Yapılan yargılama ve toplanan delillere göre somut olayda —————– sayılı dosyası Esas sayılı dosyasından davalı hakkında hizmet ve cari hesap ilişkisine bağlı olarak düzenlenen ve bedeli ödenmeyen fatura/ faturalar nederiyle icra takibi başlatıldığı ,takibe yapılan itiraz üzerine icra takibinin durdurulduğu ve bir senelik yasal süre içerisinde işbu davanın açıldığı anlaşılmıştır. Mahkememizce taraflarca gösterilen deliller toplanmış ve dosya bilirkişi raporu düzenlenmesi için bir mali müşavir bilirkişiye verilmiştir. Bilirkişi SMMM ———– tarafından hazırlanan rapor taraflara tebliğ edilmiştir. Bilirkişi tarafından tarafların ticari defterleri üzerinde yapılan inceleme sonucunda hazırlanan işbu rapora göre sözleşme ilişkisinin varlığı tespit edilmiş ve ticari defter ve belgelere göre davacının davalıdan icra takibine konu edildiği üzere ———- alacaklı olduğuna ilişkin rapor verildiği görülmüştür. Bu kapsamda alınan bilirkişi raporunun denetimi yapılmış ve dosya kapsamı ve mübrez delillerle uyumlu olduğu anlaşılmıştır.
Taraf şirketlerin bağlı olduğu vergi dairesinden gelen BA-BS formlarına göre uyuşmazlığa konu beyan sınırı üstünde bulunan —Plakalı araç tamiri için düzenlenen —————- bedelli faturanın davalı şirket tarafından da vergi dairesine bildirildiği ve bu durumun rapora da yansıdığı görülmüştür. Ticari defterlere kaydedilmiş ve vergi dairesine bildirilmiş faturanın akdi ilişkinin varlığını da kanıtladığı kabul edilmektedir. Zira Faturayı teslim aldıktan sonra süresi içinde itiraz ve iade etmeyerek ticari defterlerine kaydeden kimse, bu faturanın mal veya hizmet aldığı için geçerli bir sözleşme ilişkisine göre düzenlendiğini kabul etmiş sayılır ve fatura nedeniyle mal veya hizmet almadığını, bu faturadan dolayı borçlu olmadığını yazılı veya kesin delillerle ispatlaması gerekir.
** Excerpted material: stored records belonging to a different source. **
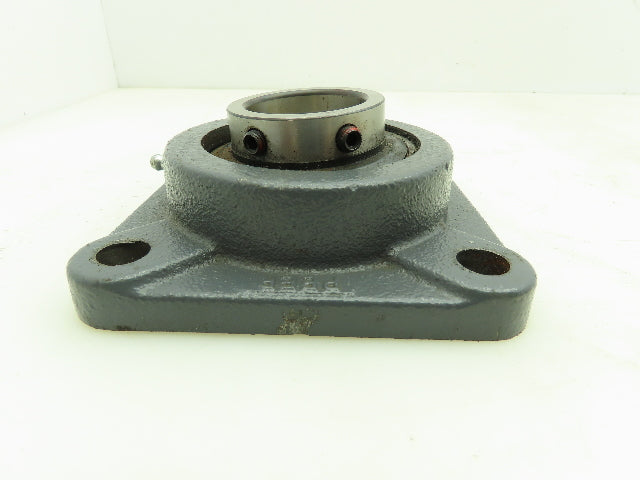 Peer F209 Bearing Flange 4 Bolt Set Screw Collar With Locking Insert Bearing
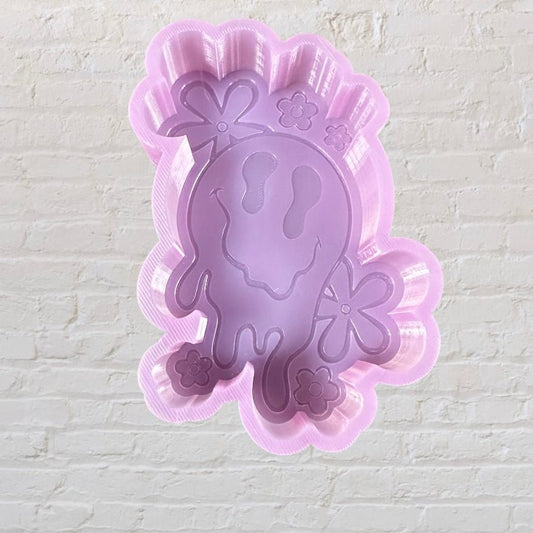 Melty Smiley with Flowers Silicone Mold - KMN Scented Aroma Beads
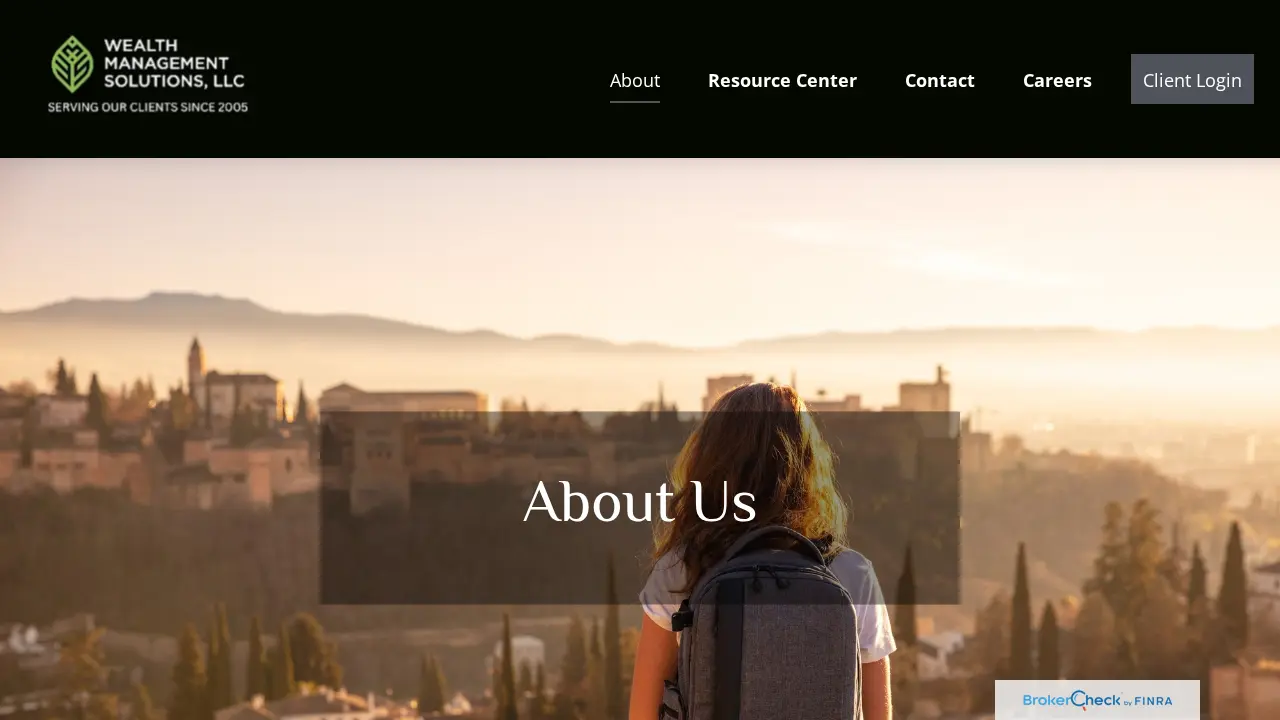 Wealth Management Solutions page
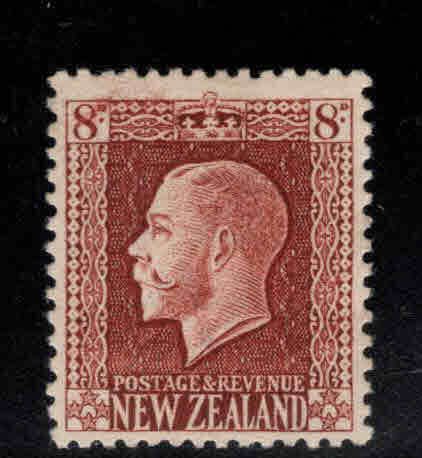 New Zealand Scott 157 MH* KGV stamp  pencil mark in gum, attractive stamp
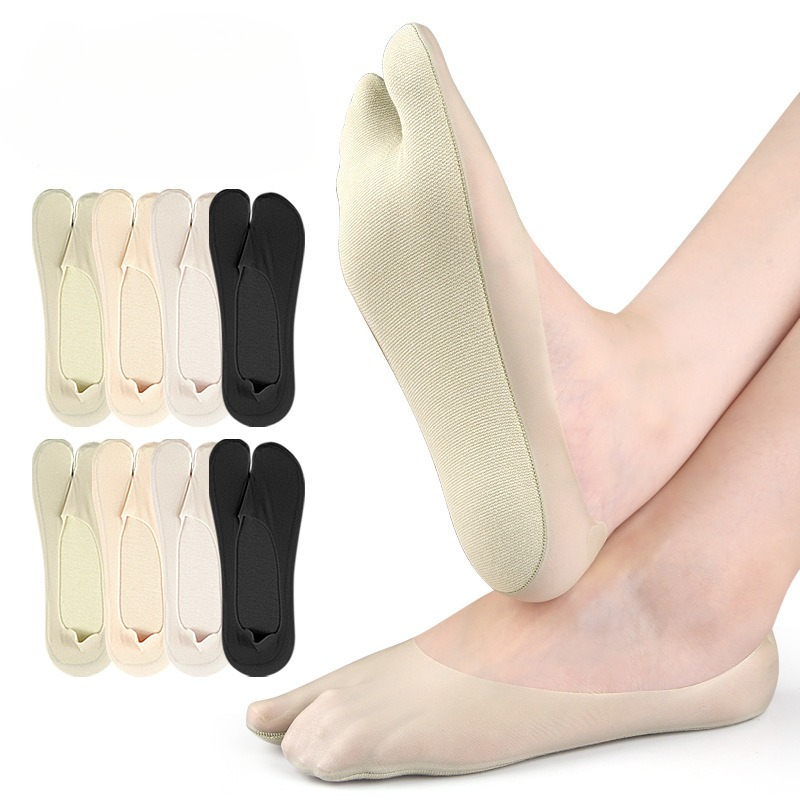 A pair of summer thin ice silk - Toe Sock Split reseña y precio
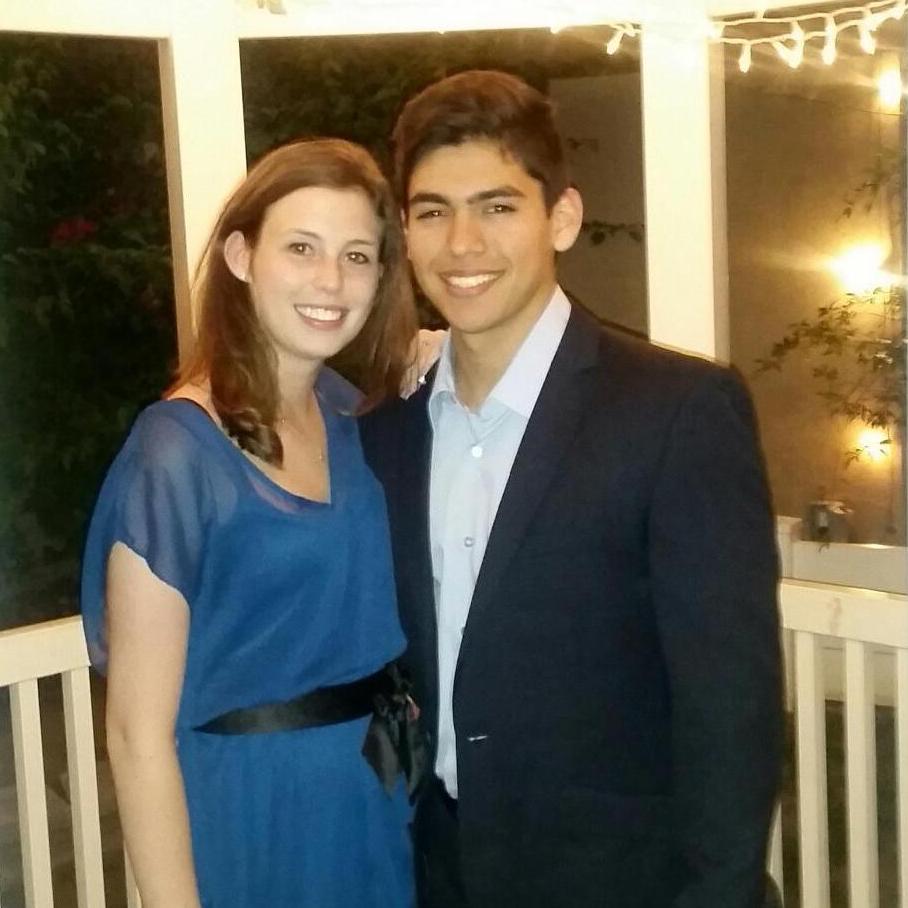 Our first wedding together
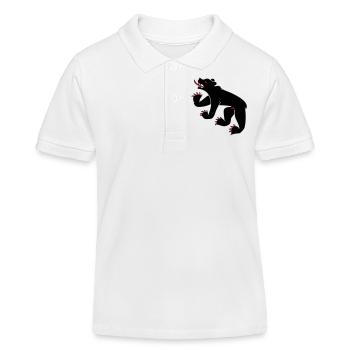dessin d'un ours symbole drapeau de Berne Suisse - Polo enfant bio Stanley/Stella - blanc - Devant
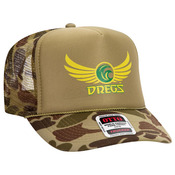 OTTO CAP Camouflage 5 Panel High Crown Mesh Back Trucker Hat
Davalı taraf savunmasında faturanın ilgili aracın tamirine ilişkin olduğunu kabul etmiş ve aracın yolda kaldığını öne sürerek hizmet kusuruna ve tamir bedelinin yüksekliğine işaret etmiştir. Öte yandan borcun ödenmiş olduğunu öne sürmesine ve ticari defterlerinde de ödenmiş olarak gösterilmesine karşın ödeme hususunu ispat edememiştir. Böylece davacı tarafın davasını, TMK’nın 6. HMK’nın 190 ve 222 . maddeleri nazarında usulüne uygun olarak tutulan tarafların ticari defter ve kayıtlar ile ispat ettiği kabul edilmiştir. Bu kapsamda dosyaya mübrez sözü geçen bilirkişi raporunun gerekçeli, denetime açık, hüküm kurmaya elverişli ve yerinde olduğu kabul ve takdir edilerek davacının davasının kabulü ile davalının —————— sayılı dosyasına karşı yapmış olduğu itirazının İİK’nın 67/1. maddesi gereğince iptali ile İcra takibinin asıl alacağa takip tarihinden itibaren avans oranında ticari temerrüt faizi uygulanmak suretiyle aynen devamına karar verilmiştir.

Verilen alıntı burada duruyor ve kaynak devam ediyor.